October/november 1985 | Volume 36, Issue 6
A case can be made that housekeeping is the basis of civilization and that historians are the ultimate housekeepers. The thought might occur to anyone who has helped clean out the closets of an elderly relative, an experience that is both tedious and exhilarating. Tedious because of the sheer mass of documents and artifacts that may once have made perfect sense to the owner but now appear so various, so muddled, so redundant, they are fit only for the dump. Hundreds of checkbooks covering the past fifty years. Thousands of paid bills, interesting only when one falls out of the pile and reveals a month’s telephone charges that total four dollars. This is not too exciting, but what about the carbon of a ticket for a seat on a Pan Am flying boat to Rio in 1940? It resonates with meaning, and there are other items like it: a silver bowl bearing the Navy E for “Excellence,” awarded to the owner during World War Il for mass-producing parachutes; a photograph of great-grandparents and family posing in the old country, before the children scattered to New York, Johannesburg, and Sydney. A love letter from Carlsbad, a doctor’s report from Battle Creek. Sheaves of crumbling newsclips mixed with postcards bright as the day they were sent. Marriages, deaths, bankruptcies, birthdays, births. Not History, perhaps, but history. What of this can or should be saved? The question doesn’t really come up because there is no time to sort it all out, no one to devote another life to the life that has been lived.
There are few repositories for the lives of the relatively obscure, but we try to salvage what we can. Some graduate student of the future may be delighted to come upon the diaries of a teen-age girl born in 1900 who innocently records the slang and speech patterns of a generation now almost gone. (It was never “Father’s automobile,” it was always his “motor.”) Would some historical society appreciate an Art Nouveau ceramic vase presented in 1902 to a bereaved couple in memory of their two-year-old boy by the doctors who attended him?
It is all too much, too overwhelming, and probably just as well that most of the remnants of a lifetime will be carted off; the most important clues to a human life may well be irretrievable. In Citizen Kane , Charles Foster Kane’s secret seems to be connected with his dying word: Rosebud . At the end of the film, the camera roams a gigantic warehouse filled with boxes and furniture from every period of the great man’s life. Off in the distance workmen are tossing objects into a furnace.
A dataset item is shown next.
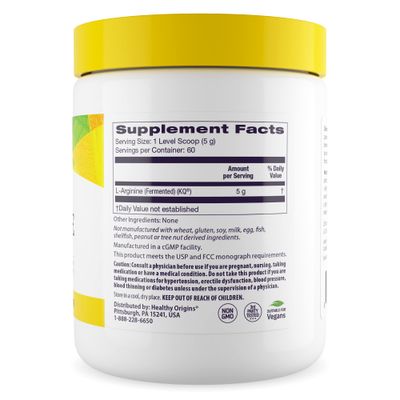 Healthy Origins - L-Arginine (American-Made, Non-GMO, Gluten Free, Muscle Support), 10.6 Ounce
As we move toward the fire, we see in close-up a child’s sled, flames licking at the trademark which is, of course, Rosebud . It was the word that evoked for Kane one of his few happy memories.
The professional housekeepers favor the mighty of the earth: the presidents, the generals, the lords of money, and the makers of great art and great bridges—their archives are tended carefully and will give generations of scholars a livelihood. For historians the fame of the subject makes precious and important what would be the debris of a less exalted mortal’s life. By making order, the historian-housekeepers preserve the personal and institutional history of the nation; they take on the burden that we often find too much to bear in our own lives.